Niven’s theorem proof.

I couldn’t find any proof on the internet. I would appreciate an elementary proof , but any help would be appreciated! Thank you.

Solution 1:

A non-elementary proof goes like this. Suppose $r$ is rational. Then $\exp(\pm i\pi r)$ are roots of unity, therefore algebraic integers, and since the algebraic integers form a ring, $2\sin(\pi r) = i \exp(-i\pi r) - i \exp(i\pi r)$ is an algebraic integer. But the only algebraic integers that are rational are ordinary integers. Thus the only cases where $r$ and $\sin(\pi r)$ are both rational is where $2 \sin(\pi r)$ is an integer (and that integer can only be $0$, $\pm 1$ or $\pm 2$).

EDIT: Unpacked a little, the proof goes like this.
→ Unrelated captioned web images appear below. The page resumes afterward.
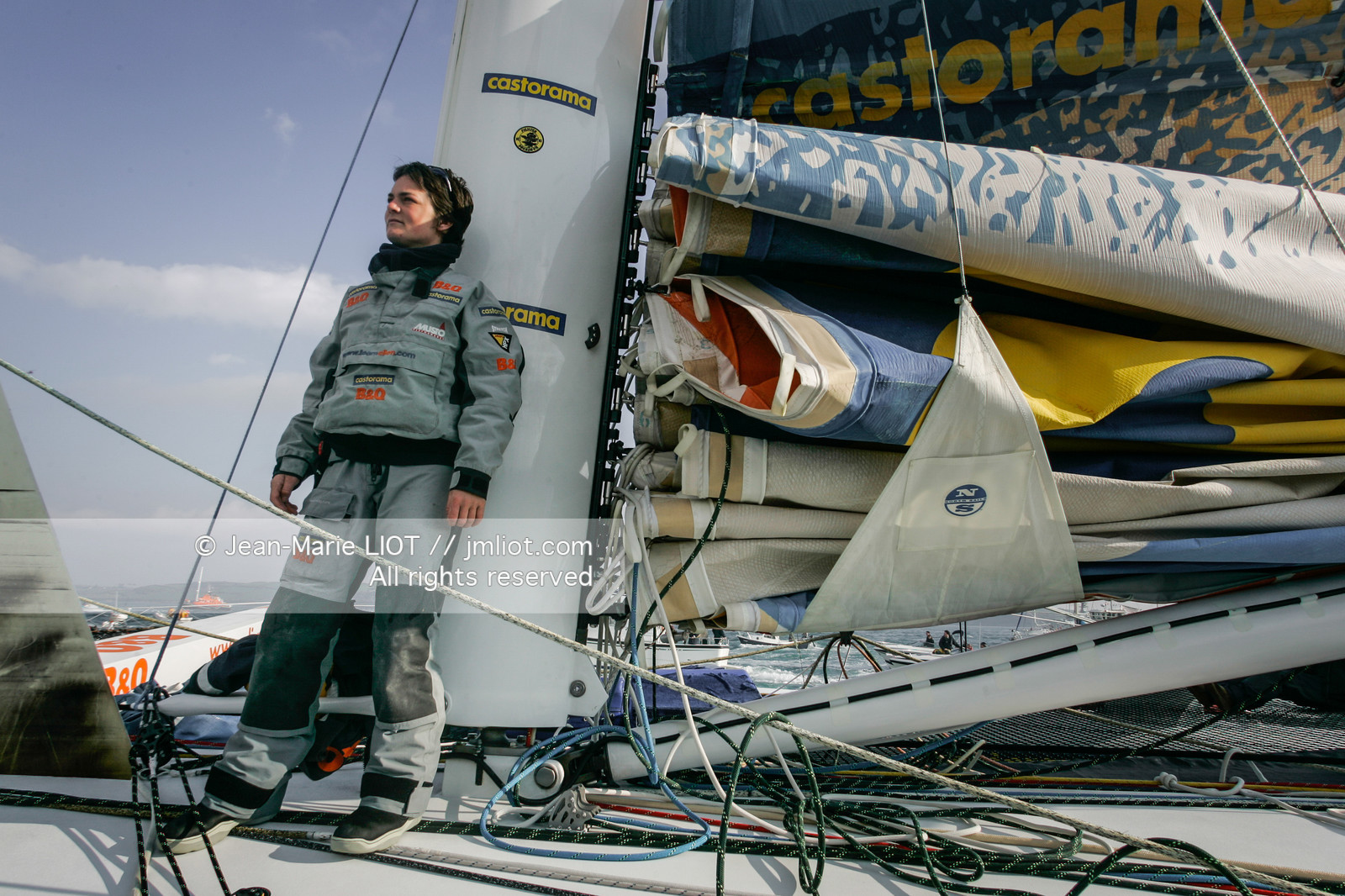 Départ d'Ellen MacArthur à bord du maxi-trimaran B&Q Castorama, pour tenter de battre le record du Tour du Monde en Solitaire sans Escale, à Falmouth (GB), le 27 novembre 2004, photo : Jean-Marie LIOT - www.jmliot.com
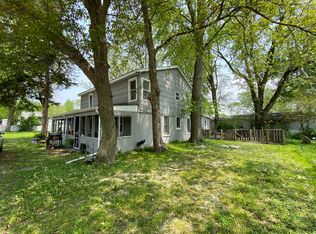 1004 Carroll Ave, Urbana, IL 61802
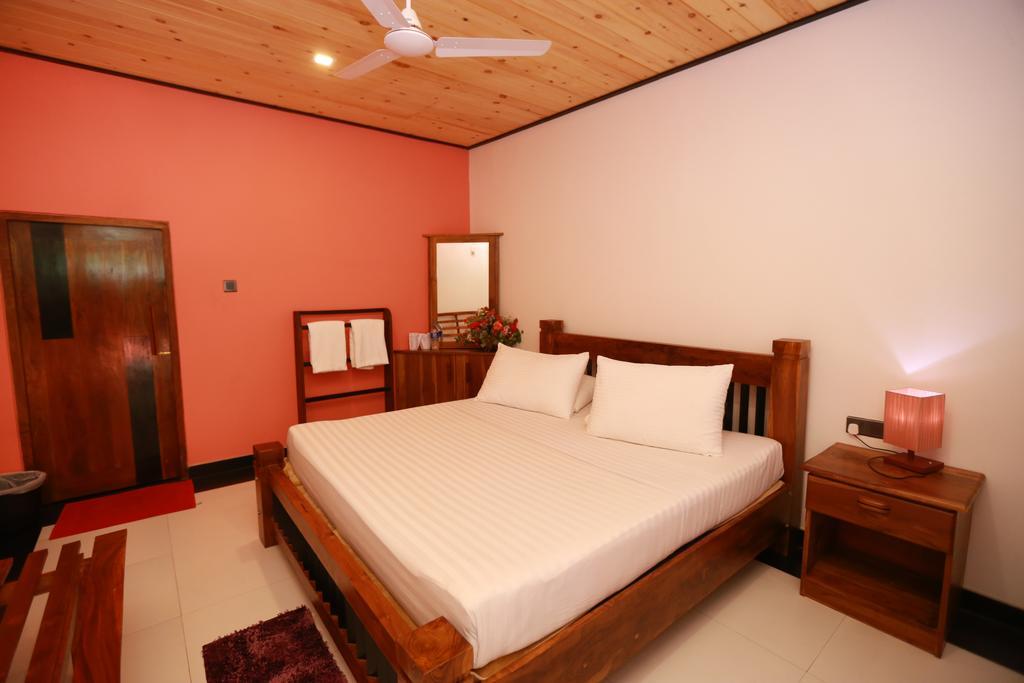 Eco Hotel Black & White - Anuradhapura Mihintale Ngoại thất bức ảnh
It's slightly more convenient to use $\cos$ instead of $\sin$, but $\cos(\theta) = \sin(\theta + \pi/2)$, so this is equivalent. Suppose $r= m/n$ (in lowest terms) is rational, and let $w = \exp(i \pi r) = \cos(\pi r) + i \sin(\pi r)$. By de Moivre's theorem we have $w^{2n} = (\cos(\pi r) + i \sin(\pi r))^{2n} = \exp(2 i \pi m)= 1$, i.e. $w$ is a root of the polynomial $X^n - 1$, and similarly $\overline{w} = \exp(-i\pi r)$ is also a root of $X^n - 1$. Thus $w$ and $\overline{w}$ are eigenvalues of the $n \times n$ matrix $$ M = \pmatrix{0 & \ldots & 0 & 1\cr 1 & \ldots & 0 & 0\cr \ldots & \ldots & \ldots & \ldots\cr 0 & \ldots & 1 & 0\cr} $$ (i.e. the matrix with $1$ in the top right corner and just below the main diagonal, and $0$ everywhere else). Let $u$ and $v$ be eigenvectors of this matrix for $w$ and $\overline{w}$ respectively. Consider the $n^2 \times n^2$ matrix $$ A = (M \otimes I) + (I \otimes M)$$ where $\otimes$ is the Kronecker product. Then $u \otimes v$ is an eigenvector of $A$ for eigenvalue $w + \overline{w} = 2 \cos(\pi r)$, i.e. $$A (u \otimes v) = (M u \otimes v) + (u \otimes Mv) = w (u \otimes v) + \overline{w} (u \otimes v) = (w + \overline{w})(u \otimes v) $$ So $2 \cos(\pi r)$ is a root of the characteristic polynomial of $A$, which is a monic polynomial $P(X) = X^{n^2} + \sum_{j=0}^{n^2-1} c_j X^j$ with integer coefficients. But if $x$ is a rational number with denominator $d > 1$ (in lowest terms), $P(x)$ has denominator $d^{n^2}$ and is not an integer. Therefore the only cases where $r$ and $\cos(\pi r)$ are both rational are when $2 \cos(\pi r)$ is an integer.